> _DATASET EXCERPT_

>>>>

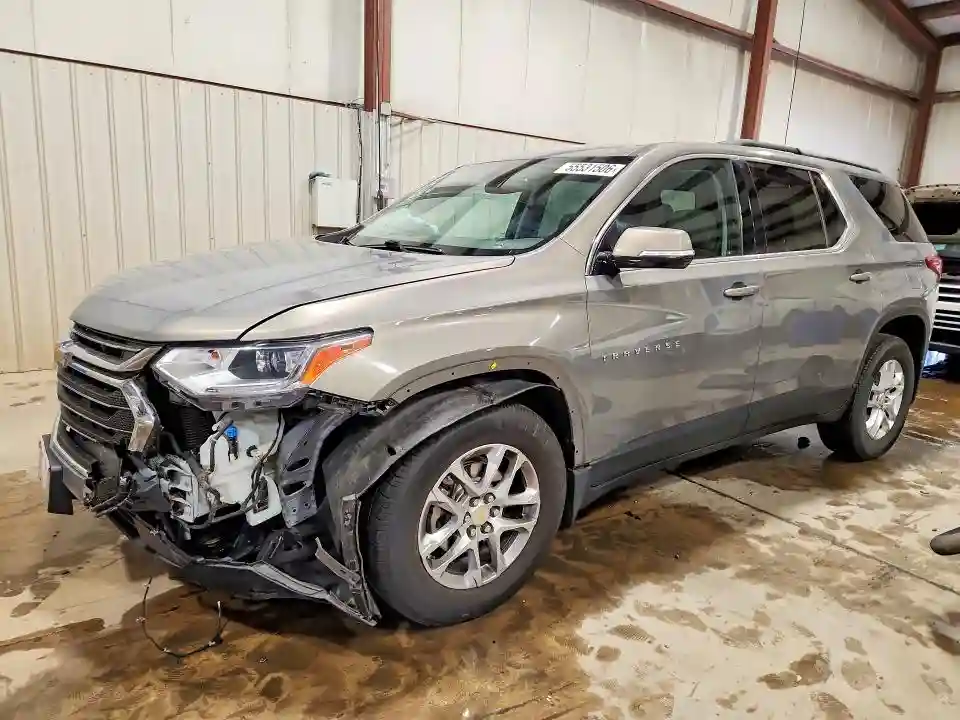 1GNEVGKW7KJ211170 2019 CHEVROLET TRAVERSE-0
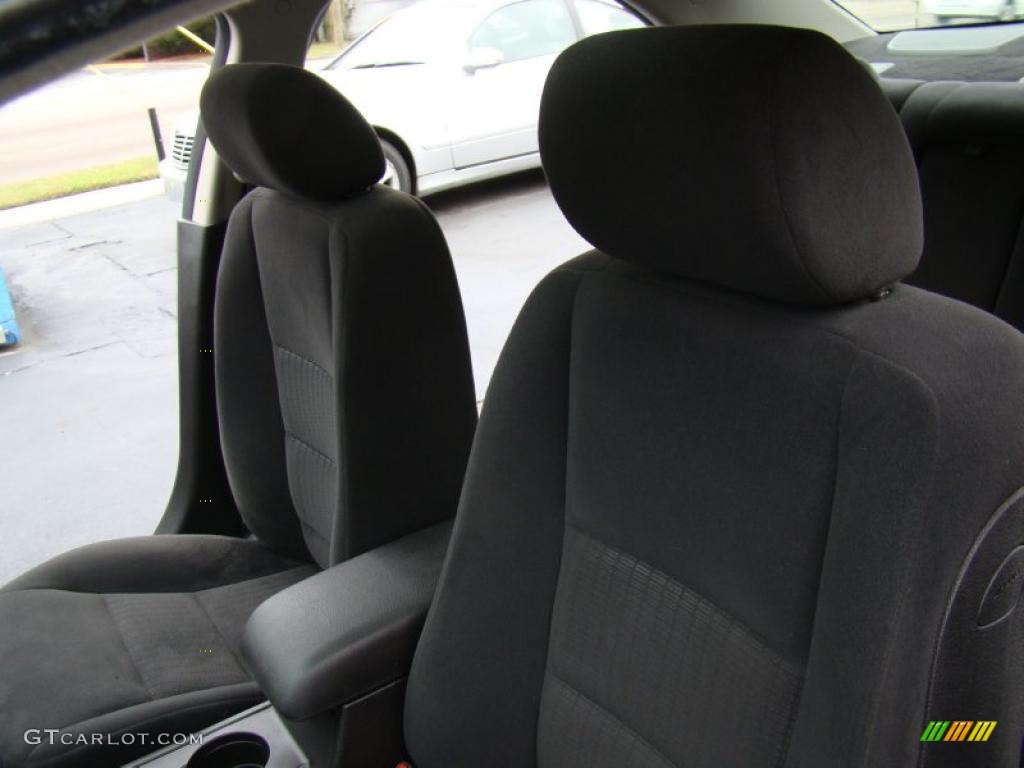 2008 Fusion SE - Dark Blue Ink Metallic / Charcoal Black photo #11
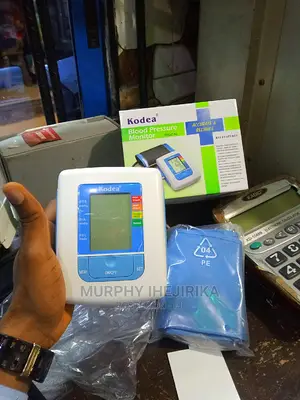 Durable Digital Blood Pressure Monitor ( BP Checker )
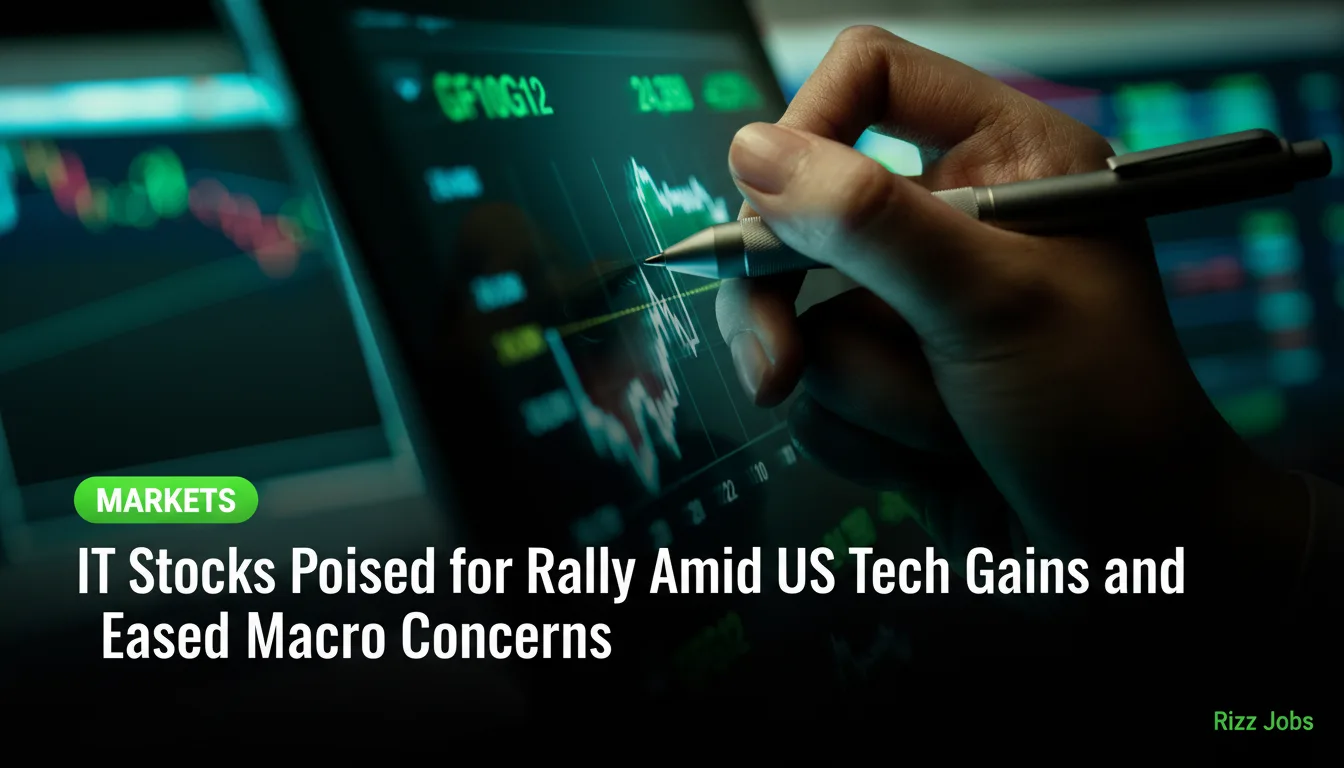 IT Stocks Poised for Rally Amid US Tech Gains and Eased Macro Concerns — Rizz Jobs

<<<<

> _WORK REQUIRED_
Write out the whole listing exactly. Pictures stay out.

> _RESPONSE_
 1GNEVGKW7KJ211170 2019 CHEVROLET TRAVERSE-0
 2008 Fusion SE - Dark Blue Ink Metallic / Charcoal Black photo #11
 Durable Digital Blood Pressure Monitor ( BP Checker )
 IT Stocks Poised for Rally Amid US Tech Gains and Eased Macro Concerns — Rizz Jobs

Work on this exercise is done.